Kiran Asher, a professor of women’s, gender and sexuality studies at the University of Massachusetts Amherst, first interviewed for the distinguished professor position in January and followed what she called a “perfectly normal” hiring process. Provost Magnus Egerstedt told her two weeks ago that her hire would be put up for the board’s approval at the May 13 meeting. During an open-session voice vote at the meeting, one unnamed tenure candidate was rejected.

When she spoke to Inside Higher Ed on Saturday, Asher had yet to receive an official notification about her employment outcome.

“Everybody I’ve spoken to—including the interim chair [Tanya Shields]—nobody has received anything. We’re just reading the negative signs,” she said. “The board put the approved personnel actions on their website, and since my name is not there, it’s assumed to be negative.”

The board approved five other outside hires and 27 promotions during the meeting. Members of the board did not respond to Inside Higher Ed’s questions about why Asher’s appointment was denied. Devin Duncan, UNC student body president and ex officio member of the board, told The Daily Tar Heel that he voted in favor of Asher’s appointment.

In a statement, vice chancellor for communications and marketing Dean Stoyer said the university “can’t acknowledge the name of the person who was denied tenure,” and the board “has a history of conferring tenure regularly.”

“As we’ve said repeatedly, tenure is a competitive imperative for Carolina. Carolina is committed to using tenure for faculty hiring and retention,” Stoyer wrote. “The University remains committed to recruiting and retaining top faculty and consistently reviews salaries and benefits to align offers with both our budget and current, relevant market data. Nothing has changed in the University’s tenure policies. ”

‘A Certain Kind of Rogueness’

But the UNC board also has a history of denying appointments to new professors despite faculty and administrators’ endorsements. In 2021, the board declined to vote to approve a tenured appointment for Nikole Hannah-Jones, a journalist and creator of The New York Times’ “1619 Project,” even after her hire was approved by a faculty committee and university administrators. Walter Hussman Jr., after whom UNC’s Hussman School of Journalism and Media is named, opposed her appointment. At the time, he told then–UNC chancellor Kevin Guskiewicz and at least one board member that he worried about “the controversy of tying the UNC journalism school to ‘The 1619 Project,’” and noted that he found himself “more in agreement with Pulitzer Prize–winning historians like James McPherson and Gordon Wood than I do Nikole Hannah-Jones.”

Following pushback from students, faculty and alumni, the board ultimately voted to approve the appointment six months later, but Hannah-Jones declined to accept it. Instead, she took a position at Howard University in Washington, D.C.

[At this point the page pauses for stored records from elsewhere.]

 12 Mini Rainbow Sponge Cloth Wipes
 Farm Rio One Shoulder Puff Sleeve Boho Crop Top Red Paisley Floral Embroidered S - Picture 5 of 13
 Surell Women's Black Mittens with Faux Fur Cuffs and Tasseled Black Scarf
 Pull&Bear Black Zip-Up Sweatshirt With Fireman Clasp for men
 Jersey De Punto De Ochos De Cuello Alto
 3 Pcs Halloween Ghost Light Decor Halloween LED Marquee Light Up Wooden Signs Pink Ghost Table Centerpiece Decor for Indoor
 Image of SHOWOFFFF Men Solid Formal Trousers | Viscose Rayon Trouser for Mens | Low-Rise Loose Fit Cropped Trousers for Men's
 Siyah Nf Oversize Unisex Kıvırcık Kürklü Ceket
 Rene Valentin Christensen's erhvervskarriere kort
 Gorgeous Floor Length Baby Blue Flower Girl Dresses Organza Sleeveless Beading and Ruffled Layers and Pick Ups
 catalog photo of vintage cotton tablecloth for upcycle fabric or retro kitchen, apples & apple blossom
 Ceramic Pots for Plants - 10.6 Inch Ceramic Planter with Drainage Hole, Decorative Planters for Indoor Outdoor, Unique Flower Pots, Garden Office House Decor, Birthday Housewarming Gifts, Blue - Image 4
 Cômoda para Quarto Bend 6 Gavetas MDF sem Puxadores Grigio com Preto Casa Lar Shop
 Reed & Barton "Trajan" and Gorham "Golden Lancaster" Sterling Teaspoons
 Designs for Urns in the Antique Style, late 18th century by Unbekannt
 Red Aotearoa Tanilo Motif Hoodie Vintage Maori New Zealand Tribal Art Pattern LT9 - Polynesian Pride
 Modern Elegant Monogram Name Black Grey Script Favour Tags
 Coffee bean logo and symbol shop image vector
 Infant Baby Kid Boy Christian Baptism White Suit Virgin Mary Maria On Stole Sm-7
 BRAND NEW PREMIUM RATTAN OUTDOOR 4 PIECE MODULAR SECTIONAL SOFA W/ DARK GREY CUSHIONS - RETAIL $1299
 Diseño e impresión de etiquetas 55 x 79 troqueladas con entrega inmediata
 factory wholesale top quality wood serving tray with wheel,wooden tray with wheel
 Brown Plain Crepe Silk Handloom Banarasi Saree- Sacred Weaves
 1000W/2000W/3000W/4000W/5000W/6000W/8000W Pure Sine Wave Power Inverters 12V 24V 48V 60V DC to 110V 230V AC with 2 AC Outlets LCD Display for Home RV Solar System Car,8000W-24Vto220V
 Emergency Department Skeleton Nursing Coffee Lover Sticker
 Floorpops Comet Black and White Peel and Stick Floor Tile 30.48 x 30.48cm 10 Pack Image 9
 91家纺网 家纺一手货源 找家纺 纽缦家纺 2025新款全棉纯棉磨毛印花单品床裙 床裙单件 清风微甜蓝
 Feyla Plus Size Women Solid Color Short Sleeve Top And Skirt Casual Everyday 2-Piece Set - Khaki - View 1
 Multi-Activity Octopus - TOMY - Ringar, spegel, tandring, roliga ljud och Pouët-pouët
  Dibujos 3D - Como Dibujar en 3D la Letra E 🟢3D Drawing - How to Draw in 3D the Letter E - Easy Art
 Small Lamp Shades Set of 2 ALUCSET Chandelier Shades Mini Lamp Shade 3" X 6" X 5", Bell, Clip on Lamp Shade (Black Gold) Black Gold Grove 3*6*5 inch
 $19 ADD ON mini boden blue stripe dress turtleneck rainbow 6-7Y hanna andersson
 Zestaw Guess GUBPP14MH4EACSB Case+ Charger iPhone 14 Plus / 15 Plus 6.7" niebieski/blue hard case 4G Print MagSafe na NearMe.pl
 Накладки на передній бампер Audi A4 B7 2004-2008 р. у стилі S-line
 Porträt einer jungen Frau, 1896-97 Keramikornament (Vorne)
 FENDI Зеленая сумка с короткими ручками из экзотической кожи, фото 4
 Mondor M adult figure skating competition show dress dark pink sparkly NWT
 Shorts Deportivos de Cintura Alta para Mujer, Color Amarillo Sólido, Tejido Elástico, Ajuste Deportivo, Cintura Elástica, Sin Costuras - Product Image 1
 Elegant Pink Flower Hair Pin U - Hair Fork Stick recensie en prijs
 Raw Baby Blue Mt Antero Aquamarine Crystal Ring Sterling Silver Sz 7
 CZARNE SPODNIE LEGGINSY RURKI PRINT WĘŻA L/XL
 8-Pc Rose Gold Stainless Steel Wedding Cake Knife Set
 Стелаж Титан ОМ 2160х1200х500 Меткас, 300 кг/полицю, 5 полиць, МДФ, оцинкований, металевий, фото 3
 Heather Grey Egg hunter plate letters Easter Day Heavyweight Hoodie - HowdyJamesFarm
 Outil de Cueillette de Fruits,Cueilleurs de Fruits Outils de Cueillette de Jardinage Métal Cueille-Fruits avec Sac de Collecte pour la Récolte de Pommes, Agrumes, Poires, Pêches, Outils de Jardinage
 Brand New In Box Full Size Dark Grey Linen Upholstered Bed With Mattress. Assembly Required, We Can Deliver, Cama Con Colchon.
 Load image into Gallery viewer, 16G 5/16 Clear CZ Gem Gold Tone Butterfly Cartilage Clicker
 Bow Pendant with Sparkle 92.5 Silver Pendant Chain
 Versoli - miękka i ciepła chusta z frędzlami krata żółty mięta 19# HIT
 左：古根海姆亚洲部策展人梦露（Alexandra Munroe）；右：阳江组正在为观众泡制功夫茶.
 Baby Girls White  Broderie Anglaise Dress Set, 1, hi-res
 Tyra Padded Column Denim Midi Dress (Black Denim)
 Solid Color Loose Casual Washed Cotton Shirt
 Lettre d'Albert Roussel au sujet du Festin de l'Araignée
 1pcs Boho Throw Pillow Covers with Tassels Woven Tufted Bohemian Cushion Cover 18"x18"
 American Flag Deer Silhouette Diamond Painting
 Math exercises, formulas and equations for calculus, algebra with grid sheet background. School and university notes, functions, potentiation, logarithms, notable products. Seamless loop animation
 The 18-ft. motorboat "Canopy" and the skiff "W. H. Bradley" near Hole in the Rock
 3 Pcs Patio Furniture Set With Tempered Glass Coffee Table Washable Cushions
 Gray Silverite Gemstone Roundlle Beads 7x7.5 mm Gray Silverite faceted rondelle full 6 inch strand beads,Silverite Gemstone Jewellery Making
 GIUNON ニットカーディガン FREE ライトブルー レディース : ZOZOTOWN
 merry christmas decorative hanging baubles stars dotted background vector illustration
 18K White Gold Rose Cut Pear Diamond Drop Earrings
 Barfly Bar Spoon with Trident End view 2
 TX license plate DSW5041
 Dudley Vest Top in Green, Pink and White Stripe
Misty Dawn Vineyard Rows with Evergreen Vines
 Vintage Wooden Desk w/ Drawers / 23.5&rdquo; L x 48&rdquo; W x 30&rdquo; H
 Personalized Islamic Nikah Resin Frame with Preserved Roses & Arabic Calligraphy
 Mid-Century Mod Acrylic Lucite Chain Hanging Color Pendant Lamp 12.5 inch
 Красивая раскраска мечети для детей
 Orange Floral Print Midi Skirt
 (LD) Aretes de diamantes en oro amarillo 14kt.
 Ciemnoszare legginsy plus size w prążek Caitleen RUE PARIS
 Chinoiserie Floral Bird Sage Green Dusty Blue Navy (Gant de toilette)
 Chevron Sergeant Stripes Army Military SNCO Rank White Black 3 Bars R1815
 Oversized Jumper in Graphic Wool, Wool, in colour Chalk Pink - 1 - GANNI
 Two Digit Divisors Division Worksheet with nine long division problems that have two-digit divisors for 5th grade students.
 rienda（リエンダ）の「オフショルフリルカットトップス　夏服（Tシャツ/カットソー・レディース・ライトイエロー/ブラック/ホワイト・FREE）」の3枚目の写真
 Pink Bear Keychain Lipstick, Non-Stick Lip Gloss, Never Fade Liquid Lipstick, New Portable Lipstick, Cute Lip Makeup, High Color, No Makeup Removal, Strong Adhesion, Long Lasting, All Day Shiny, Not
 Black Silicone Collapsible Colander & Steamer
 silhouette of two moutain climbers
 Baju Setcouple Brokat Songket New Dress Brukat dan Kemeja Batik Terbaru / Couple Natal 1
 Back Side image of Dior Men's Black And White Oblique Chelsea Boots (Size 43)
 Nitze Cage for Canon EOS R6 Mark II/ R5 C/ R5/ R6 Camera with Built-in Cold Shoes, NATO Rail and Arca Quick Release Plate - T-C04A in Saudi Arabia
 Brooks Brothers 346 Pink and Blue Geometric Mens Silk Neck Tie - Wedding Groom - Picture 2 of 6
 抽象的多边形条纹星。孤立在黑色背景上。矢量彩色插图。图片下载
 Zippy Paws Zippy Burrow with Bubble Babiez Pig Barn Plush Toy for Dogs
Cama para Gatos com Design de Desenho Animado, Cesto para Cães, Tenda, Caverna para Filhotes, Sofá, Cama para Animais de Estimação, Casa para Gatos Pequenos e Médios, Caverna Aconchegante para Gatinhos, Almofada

Asher suspects the reasons her appointment was denied are similarly political.

“So many women and people of color—especially women of color in fields like mine, folks that do gender work, race work, social justice work, non-Christian work, Islamic studies—have been denied tenure,” Asher said. “I don’t see this as an individual thing—it’s all systematic.”

The UNC board has also recently called into question the merits of granting tenure altogether. In March 2025, the board postponed a vote on tenure for 33 faculty members. During a closed session with former provost Chris Clemens, members “engaged in a sweeping policy discussion about tenure’s institutional value and global costs,” according to a lawsuit Clemens filed after the delayed vote.

The board eventually voted to approve the tenure cases over email in June 2025. Still, several members expressed concerns about tenure. In one email, obtained by Inside Higher Ed, trustee Marty Kotis said he had opposed tenure since 2014 and finds it “difficult to believe university professors uniquely require lifetime job security comparable to positions held by the Pope or Federal Judges.” Two other trustees expressed concern about the financial impact of tenure.

Asher said the public has already shown a lot of interest in her case, but she sees it as just a small part of a much larger issue.

“Somebody said to me ‘the BOT has gone rogue,’ but rogue doesn’t just happen [on its own],” Asher said. “Certain things facilitate a certain kind of rogueness.”